The longer answer is that the last MS operating system a significant number of programmers understood very well was MS-DOS 6.x. Windows 3.x was fairly understandable as long as you looked at it as a number of pieces (MS-DOS, DOS extender, Windows kernel, Windows UI) but most people didn't really bother.
For better or worse, however, all the implementations of Win32 have been somewhat convoluted. Although they tried to make it less visible, Windows 95 still had a copy of MS-DOS, a DOS extender, and a rather fragmented implementation of Windows itself, split between a heavily modified version of the 16-bit kernel from Windows 3.x, and a new 32-bit interface -- and some fairly significant pieces of 32-bit code too.
Windows NT was a bit more straightforward, but it was originally written as something like a microkernel with three subsystems (Win32, POSIX, OS/2). The Win32 subsystem always enjoyed a special status though, so it had its own rules (or they broke a lot of rules, depending on your viewpoint). In any case, very few people really understood the system well at a truly fundamental level -- and most application programmers had (at most) only a peripheral, vague awareness of there being a "native API" that a few of the true wizards (and here we're talking people like David Solomon and Bryce Cogswell, not Charles Petzold) used to do things that looked (and often were) impossible using only Win32.

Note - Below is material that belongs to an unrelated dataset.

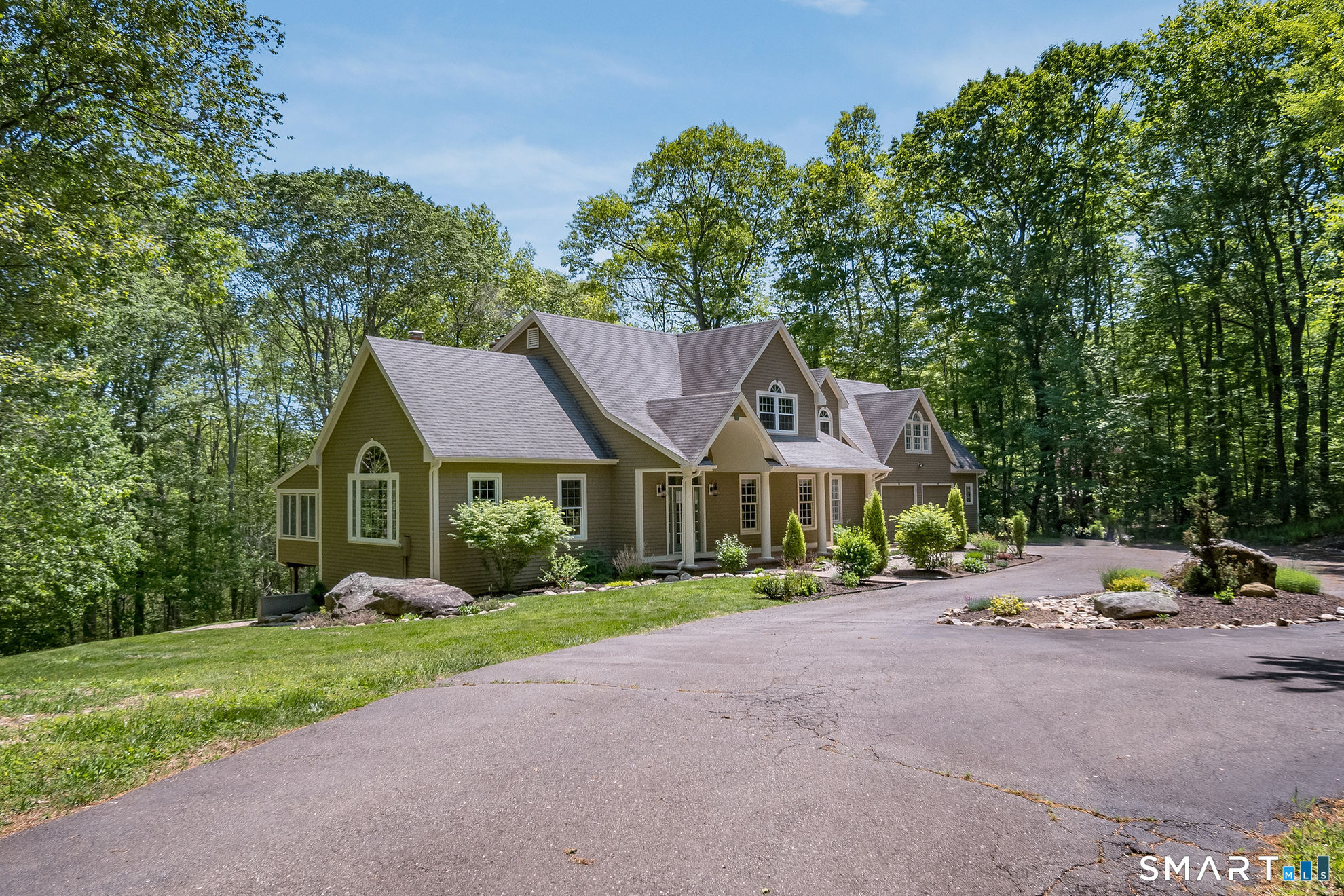 118 Genesee Lane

.NET added yet another layer -- and rather an "uneven" one at that. That's not to the say the interface visible to the user was uneven, but that its "bottom" side where it interfaced to the system was quite uneven -- some parts talked to Win32, other parts to DirectX, still others to various COM interfaces, etc. In short, a lot of people understood how to use .NET (at least reasonably well) but probably fewer than one in a thousand really understood all its internals very well.
I would say, however, that that's exactly as it should be. One of the basic points of creating abstractions is to avoid everybody having to learn all the ugly internal details of how everything really works. The problem, at least in my opinion, is rarely the existence of one layer after another getting between his code and how things really work. Rather, the problem is primarily with poor abstractions that don't do nearly enough to keep a programmer from needing to know about the underlying details to be able to get the job done.

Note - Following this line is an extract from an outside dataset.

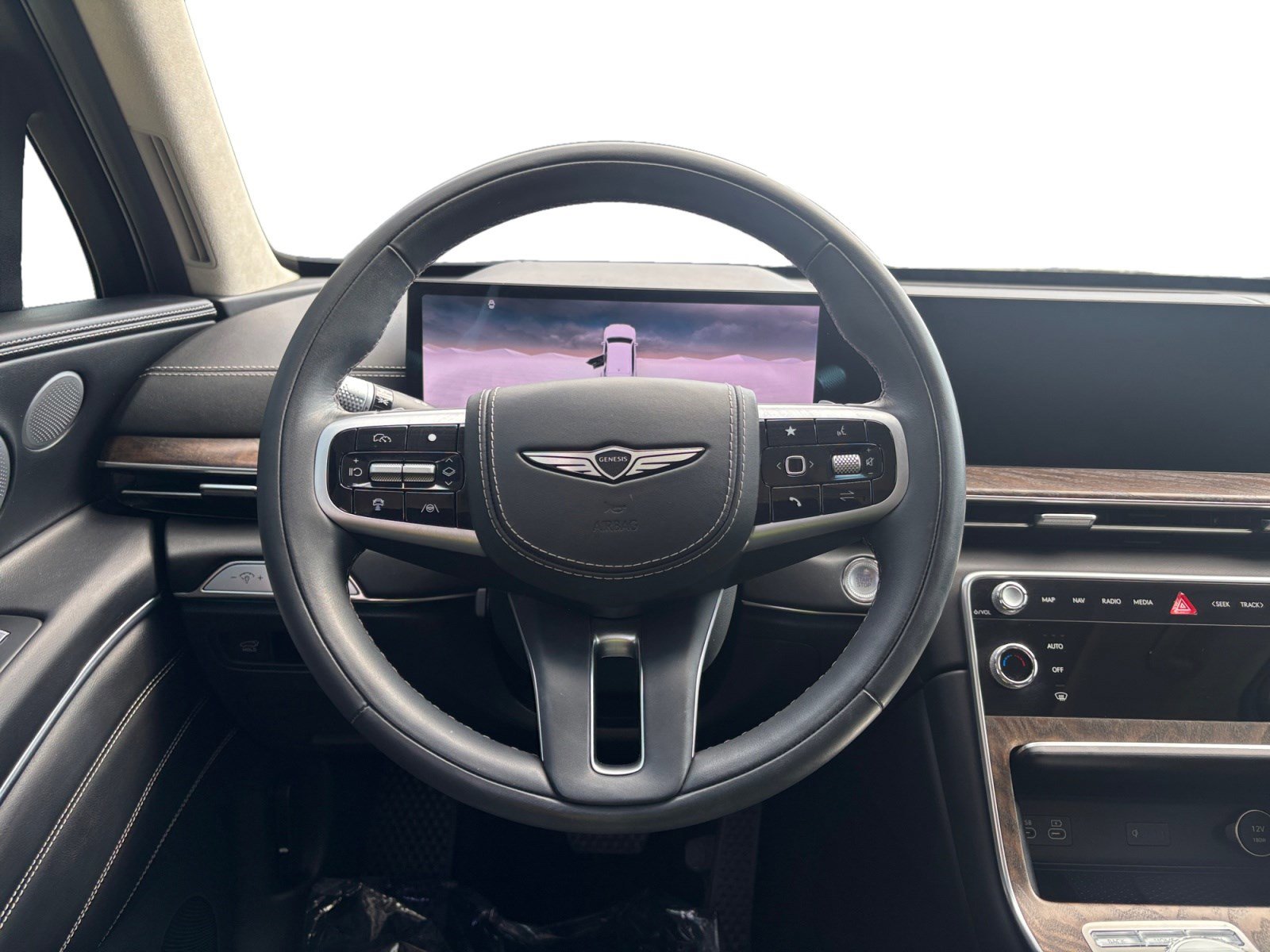 Used 2025 Genesis GV80 3.5T Prestige image 12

MFC would be a classic example -- to use it at all well, you pretty much needed to already know how to write Win32 programs without it. In some ways, it made understanding even more difficult by adding a fair number of wrinkles of its own on top of Win32 itself. If you knew enough about MFC itself and about its underpinnings in Win32, it could actually save you quite a lot of work -- but it required a lot of extra study to understand it well enough to get much benefit. It's almost universally reviled, because most people never understood enough to get much (if any) benefit.

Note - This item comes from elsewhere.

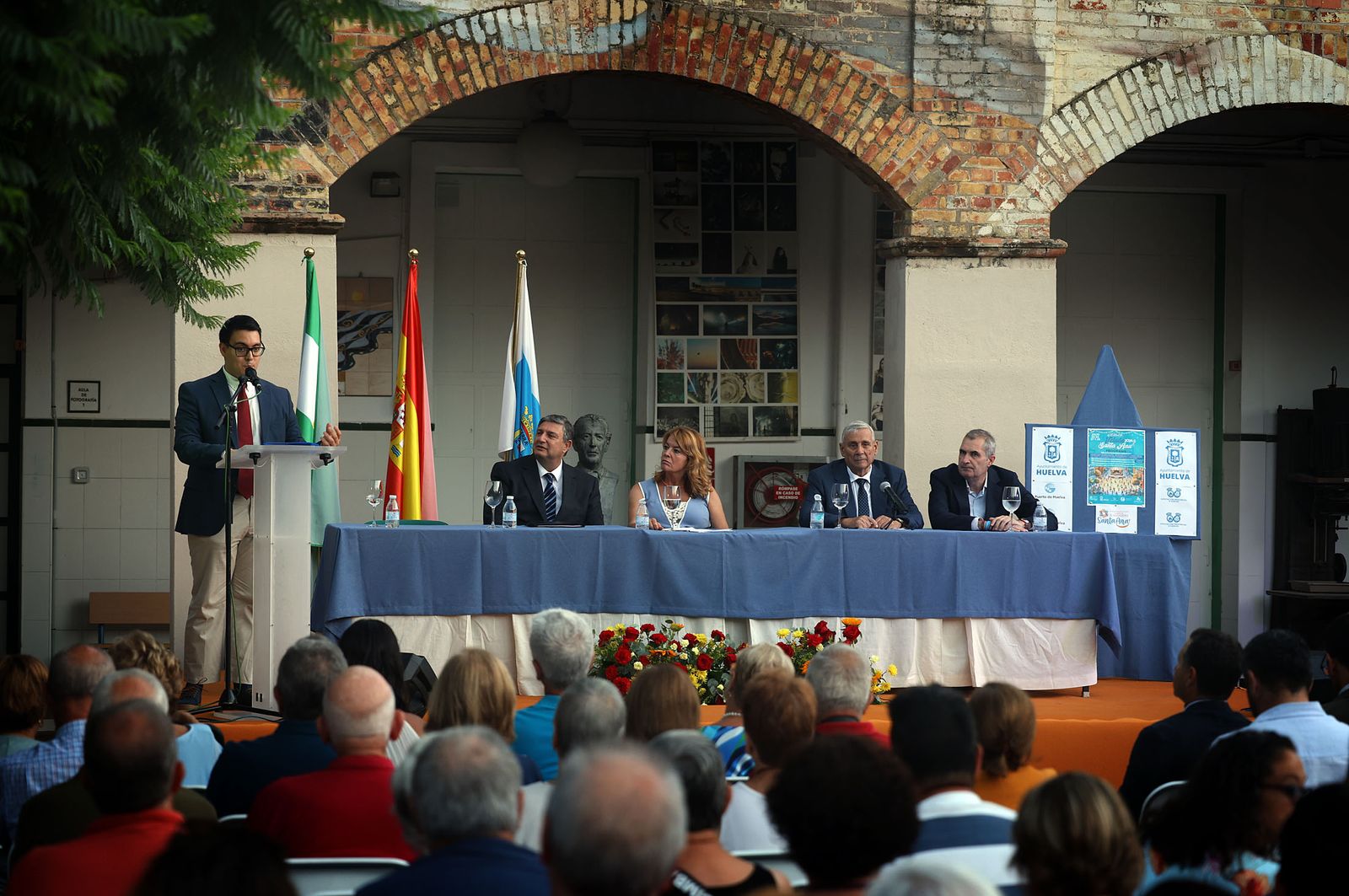 Imágenes del pregón de José Luis Pons en 'La Velada de Santa Ana' de El Matadero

It's a bit difficult at this point to figure out exactly where WinRT will land in the great scheme of things. I think it's safe to say that Microsoft has gained a lot of experience in defining and presenting abstractions that seem simple enough, and work consistently enough, that it's fairly easy to use them without really understanding them very deeply -- but the consistency (especially) lets understanding at a relatively superficial level seem like it's much deeper than it really is, because the external appearance of how they work is quite consistent with a fairly simple mental model (at least in most cases).
I suspect WinRT will be pretty much more of the same -- if you insist on trying to figure out all the details of how everything really works, you'll probably never get much of anything done. Microsoft has enough programmers working on it, that they can create (and hide) internal complexity a lot faster than almost any one person can hope to comprehend it. At the same time, if you're accustomed to working with .NET, not much will change -- it'll work consistently enough with a fairly simple model that you'll be able to treat that model as if it was how things really worked (even though it'll usually vary from partially to almost completely incorrect, and there will be a lot more happening behind the scenes than most programmers realize or want to think about).
Name ends with "tzold"
as in "Petzold," the Windows programming guru. He's asking if it will be possible for mere mortals to understand the system with its multiple layers and wrappers.